Natural gas processing. Some natural gas produced by a well does not meet the pipeline quality specifications established by downstream pipelines or is not suitable for commercial use and must be processed to remove the mixed NGL stream. In addition, some natural gas produced by a well, while not required to be processed, can be processed to take advantage of favorable processing margins. Natural gas processing involves the separation of natural gas into pipeline quality natural gas, or residue gas, and a mixed NGL stream.

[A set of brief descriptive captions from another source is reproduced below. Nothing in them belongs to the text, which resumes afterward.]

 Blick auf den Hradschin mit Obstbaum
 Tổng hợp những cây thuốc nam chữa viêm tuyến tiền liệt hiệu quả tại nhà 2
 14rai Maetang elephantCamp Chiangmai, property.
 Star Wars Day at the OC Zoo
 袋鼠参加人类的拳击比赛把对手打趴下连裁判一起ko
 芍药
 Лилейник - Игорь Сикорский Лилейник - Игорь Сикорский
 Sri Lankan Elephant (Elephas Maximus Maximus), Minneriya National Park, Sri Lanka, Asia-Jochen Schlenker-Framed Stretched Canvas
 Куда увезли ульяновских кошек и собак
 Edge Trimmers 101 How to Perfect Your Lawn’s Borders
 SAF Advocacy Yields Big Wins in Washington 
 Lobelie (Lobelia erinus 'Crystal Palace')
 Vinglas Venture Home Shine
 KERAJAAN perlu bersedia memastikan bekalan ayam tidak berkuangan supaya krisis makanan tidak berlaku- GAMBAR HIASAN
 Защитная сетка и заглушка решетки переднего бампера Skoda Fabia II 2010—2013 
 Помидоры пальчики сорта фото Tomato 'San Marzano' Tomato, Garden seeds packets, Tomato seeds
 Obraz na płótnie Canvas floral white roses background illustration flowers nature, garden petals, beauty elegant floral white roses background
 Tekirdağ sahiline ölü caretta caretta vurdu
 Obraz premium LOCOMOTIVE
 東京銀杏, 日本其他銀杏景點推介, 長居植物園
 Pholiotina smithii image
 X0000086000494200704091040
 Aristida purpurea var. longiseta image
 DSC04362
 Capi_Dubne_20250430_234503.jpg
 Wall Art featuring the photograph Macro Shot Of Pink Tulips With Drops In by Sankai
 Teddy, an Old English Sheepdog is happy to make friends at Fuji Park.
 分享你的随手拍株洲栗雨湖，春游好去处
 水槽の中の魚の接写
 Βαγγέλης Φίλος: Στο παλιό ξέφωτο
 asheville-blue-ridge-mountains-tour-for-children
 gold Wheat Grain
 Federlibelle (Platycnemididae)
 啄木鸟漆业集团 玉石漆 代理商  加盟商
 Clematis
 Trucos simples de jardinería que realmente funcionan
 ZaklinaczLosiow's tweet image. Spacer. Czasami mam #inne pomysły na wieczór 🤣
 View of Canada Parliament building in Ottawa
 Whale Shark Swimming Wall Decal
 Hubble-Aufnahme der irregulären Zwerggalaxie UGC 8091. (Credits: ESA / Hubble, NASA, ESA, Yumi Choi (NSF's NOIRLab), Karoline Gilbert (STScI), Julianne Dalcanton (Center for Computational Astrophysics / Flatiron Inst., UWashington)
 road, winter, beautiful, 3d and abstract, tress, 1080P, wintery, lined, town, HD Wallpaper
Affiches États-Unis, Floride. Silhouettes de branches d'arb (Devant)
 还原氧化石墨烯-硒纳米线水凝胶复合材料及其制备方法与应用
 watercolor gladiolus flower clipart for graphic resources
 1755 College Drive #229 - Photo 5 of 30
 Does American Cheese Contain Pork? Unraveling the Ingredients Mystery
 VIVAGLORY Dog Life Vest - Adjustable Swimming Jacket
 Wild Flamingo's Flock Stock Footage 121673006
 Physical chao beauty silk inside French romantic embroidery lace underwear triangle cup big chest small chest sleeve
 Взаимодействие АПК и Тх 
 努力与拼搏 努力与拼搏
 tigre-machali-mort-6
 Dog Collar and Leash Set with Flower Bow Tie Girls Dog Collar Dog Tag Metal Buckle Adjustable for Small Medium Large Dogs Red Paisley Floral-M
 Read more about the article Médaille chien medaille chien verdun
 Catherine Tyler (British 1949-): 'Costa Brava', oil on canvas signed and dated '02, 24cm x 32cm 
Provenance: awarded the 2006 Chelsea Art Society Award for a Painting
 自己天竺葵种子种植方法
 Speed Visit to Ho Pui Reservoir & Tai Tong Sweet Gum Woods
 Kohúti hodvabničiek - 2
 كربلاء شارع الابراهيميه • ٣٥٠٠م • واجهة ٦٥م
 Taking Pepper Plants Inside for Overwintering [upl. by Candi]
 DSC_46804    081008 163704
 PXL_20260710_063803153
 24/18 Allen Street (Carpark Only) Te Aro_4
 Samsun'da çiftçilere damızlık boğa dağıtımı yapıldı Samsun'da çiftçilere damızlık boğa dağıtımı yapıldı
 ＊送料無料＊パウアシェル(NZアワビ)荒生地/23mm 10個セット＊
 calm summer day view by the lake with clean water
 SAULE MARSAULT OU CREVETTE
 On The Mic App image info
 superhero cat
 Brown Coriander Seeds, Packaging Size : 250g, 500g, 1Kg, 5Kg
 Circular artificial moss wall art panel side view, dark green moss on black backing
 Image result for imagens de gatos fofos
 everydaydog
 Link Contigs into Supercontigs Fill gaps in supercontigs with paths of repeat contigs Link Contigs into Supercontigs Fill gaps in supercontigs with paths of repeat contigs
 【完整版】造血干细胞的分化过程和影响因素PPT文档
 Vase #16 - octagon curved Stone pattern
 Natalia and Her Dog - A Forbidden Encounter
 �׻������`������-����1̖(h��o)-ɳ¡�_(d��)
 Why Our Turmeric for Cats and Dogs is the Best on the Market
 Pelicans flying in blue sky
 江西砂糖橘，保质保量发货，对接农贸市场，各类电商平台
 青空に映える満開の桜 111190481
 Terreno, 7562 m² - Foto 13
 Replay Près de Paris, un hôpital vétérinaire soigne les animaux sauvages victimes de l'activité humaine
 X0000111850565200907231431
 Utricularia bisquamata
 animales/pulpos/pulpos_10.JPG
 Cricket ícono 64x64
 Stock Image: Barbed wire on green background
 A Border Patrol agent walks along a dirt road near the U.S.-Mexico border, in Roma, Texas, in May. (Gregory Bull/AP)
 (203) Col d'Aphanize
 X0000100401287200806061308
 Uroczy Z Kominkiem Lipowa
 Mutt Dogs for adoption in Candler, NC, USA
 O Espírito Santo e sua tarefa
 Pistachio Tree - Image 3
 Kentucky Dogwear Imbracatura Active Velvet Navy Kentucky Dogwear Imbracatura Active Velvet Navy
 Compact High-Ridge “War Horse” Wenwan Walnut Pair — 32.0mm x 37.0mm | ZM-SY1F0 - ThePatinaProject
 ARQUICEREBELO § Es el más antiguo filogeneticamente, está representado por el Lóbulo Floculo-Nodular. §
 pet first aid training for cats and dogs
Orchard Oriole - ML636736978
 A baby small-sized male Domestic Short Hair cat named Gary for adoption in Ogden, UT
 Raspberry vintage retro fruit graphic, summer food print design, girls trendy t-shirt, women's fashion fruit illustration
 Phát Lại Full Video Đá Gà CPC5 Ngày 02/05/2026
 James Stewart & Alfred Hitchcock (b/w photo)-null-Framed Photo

Natural gas transportation. Natural gas transportation pipelines receive natural gas from other mainline transportation pipelines and gathering systems and deliver the natural gas to industrial end-users, utilities and other pipelines.

Competition

The business of providing natural gas gathering, transmission, treating, transporting, storing and marketing services is highly competitive. Since pipelines are generally the only practical mode of transportation for natural gas over land, the most significant competitors of our transportation and storage segment are other pipelines. Pipelines typically compete with each other based on location, capacity, price and reliability.

We face competition with respect to retaining and obtaining significant natural gas supplies under terms favorable to us for the gathering, treating and marketing portions of our business. Our competitors include major integrated oil companies, interstate and intrastate pipelines and companies that gather, compress, treat, process, transport and market natural gas. Many of our competitors, such as major oil and gas and pipeline companies, have capital resources and control supplies of natural gas substantially greater than ours.

In marketing natural gas, we have numerous competitors, including marketing affiliates of interstate pipelines, major integrated oil companies, and local and national natural gas gatherers, brokers and marketers of widely varying sizes, financial resources and experience. Local utilities and distributors of natural gas are, in some cases, engaged directly, and through affiliates, in marketing activities that compete with our marketing operations.

Credit Risk and Customers

We have a concentration of customers in natural gas transmission, distribution and marketing as well as industrial end-users and customers in the refining and petrochemical industries. We are diligent in attempting to ensure that we issue credit to credit-worthy customers. However, our purchase and resale of gas exposes us to significant credit risk, as the margin on any sale is generally a very small percentage of the total sale price. Therefore, a credit loss could be significant to our overall profitability.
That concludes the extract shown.